Superconductivity in Y₄RuGe₈ with a Vacancy-Ordered CeNiSi₂‑Type Superstructure

We report a new compound, Y₄RuGe₈, with a transition metal vacancy-ordered CeNiSi₂-type superstructure, which has a superconducting transition at 1.3 K. Y₄RuGe₈ crystals were grown by indium flux at relatively low temperatures (below 1273 K), which makes it possible to stabilize such a vacancy-ordered phase. The crystal structure of Y₄RuGe₈ was solved by single-crystal X-ray diffraction and confirmed by transmission electron microscopy.
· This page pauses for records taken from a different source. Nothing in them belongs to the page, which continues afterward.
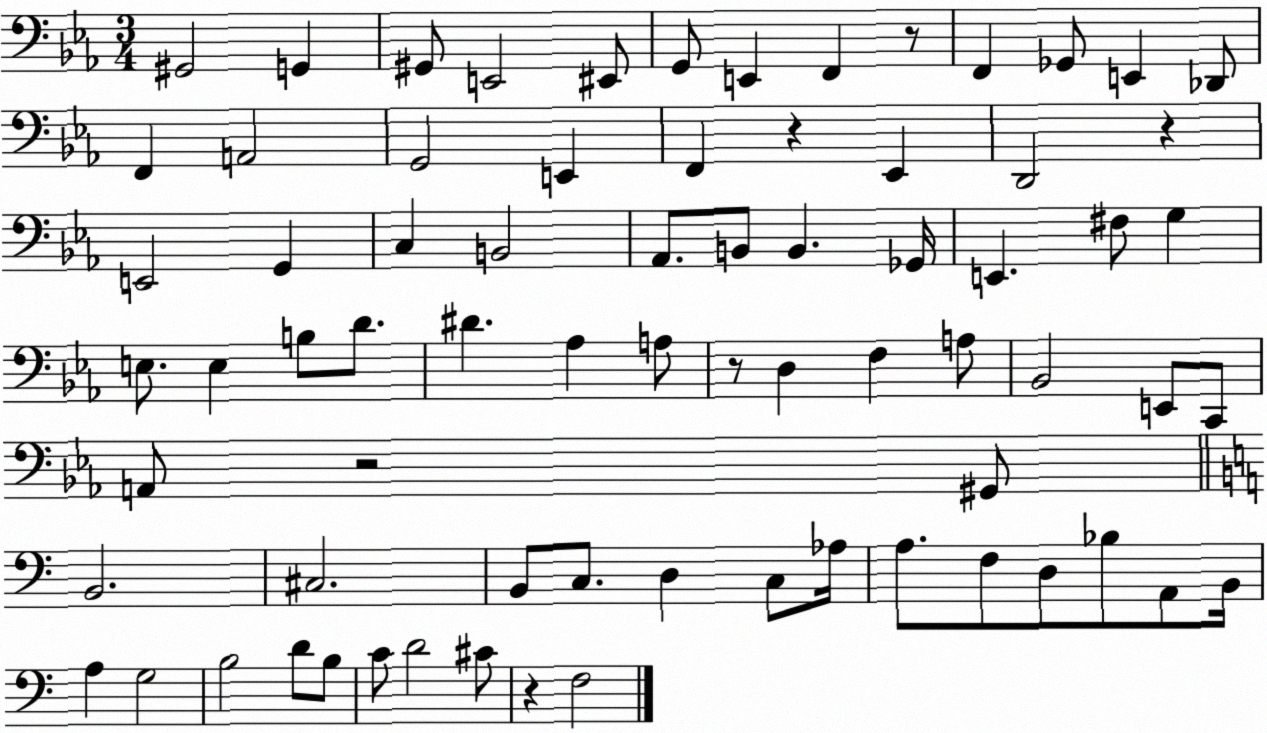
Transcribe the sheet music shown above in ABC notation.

X:1
T:Untitled
M:3/4
L:1/4
K:Eb
^G,,2 G,, ^G,,/2 E,,2 ^E,,/2 G,,/2 E,, F,, z/2 F,, _G,,/2 E,, _D,,/2 F,, A,,2 G,,2 E,, F,, z _E,, D,,2 z E,,2 G,, C, B,,2 _A,,/2 B,,/2 B,, _G,,/4 E,, ^F,/2 G, E,/2 E, B,/2 D/2 ^D _A, A,/2 z/2 D, F, A,/2 _B,,2 E,,/2 C,,/2 A,,/2 z2 ^G,,/2 B,,2 ^C,2 B,,/2 C,/2 D, C,/2 _A,/4 A,/2 F,/2 D,/2 _B,/2 A,,/2 B,,/4 A, G,2 B,2 D/2 B,/2 C/2 D2 ^C/2 z F,2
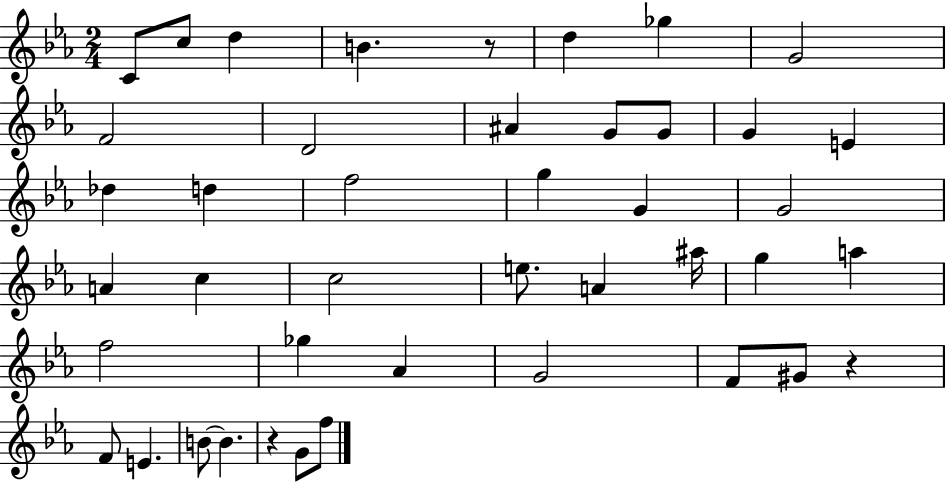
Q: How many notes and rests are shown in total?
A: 43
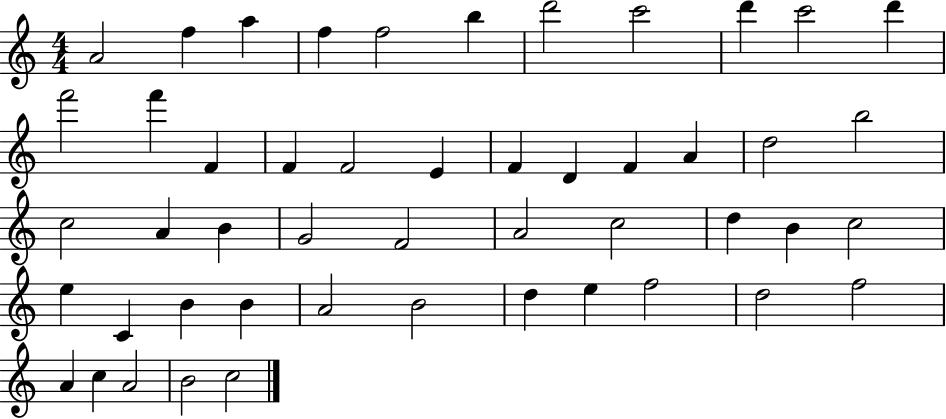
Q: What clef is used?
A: treble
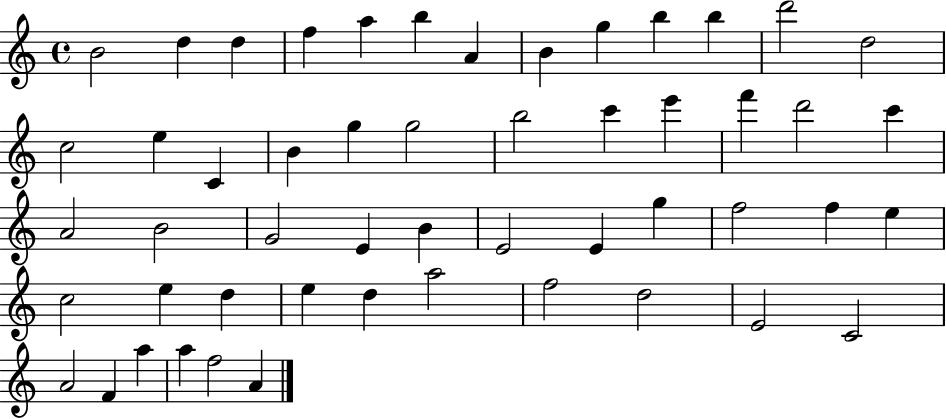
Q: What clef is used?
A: treble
The as-grown Y₄RuGe₈ crystals are always twinned, crystallizing in the space group P1̅ (no. 2) with the lattice parameters a = 5.7680(1) Å, b = 8.2042(2) Å, c = 11.5093(3) Å, α = 79.696(1)°, β = 88.491(1)°, and γ = 79.637(2)°; this structure is a superstructure deriving from the higher symmetry CeNiSi₂-type structure (Cmcm, no. 63) due to the ordering of Ru vacancies. The ordering of Ru sites breaks slightly distorted Ge planes in the CeNiSi₂ prototype into infinite cis–trans Ge chains in Y₄RuGe₈. The presence of bulk superconductivity in Y₄RuGe₈ is well supported by zero resistance and a jump in specific heat at the critical transition temperature. The Sommerfeld coefficient (19 mJ K^–2 mol^–1) of the specific heat is greater than that (11 mJ K^–2 mol^–1) estimated using the bare density of states (4.7 states/eV/f.u.) from first-principles calculations. The ab initio calculations indicate that 4d electrons of both Y and Ru and 4p electrons of Ge are the main contributors to the total density of states at the Fermi level in Y₄RuGe₈.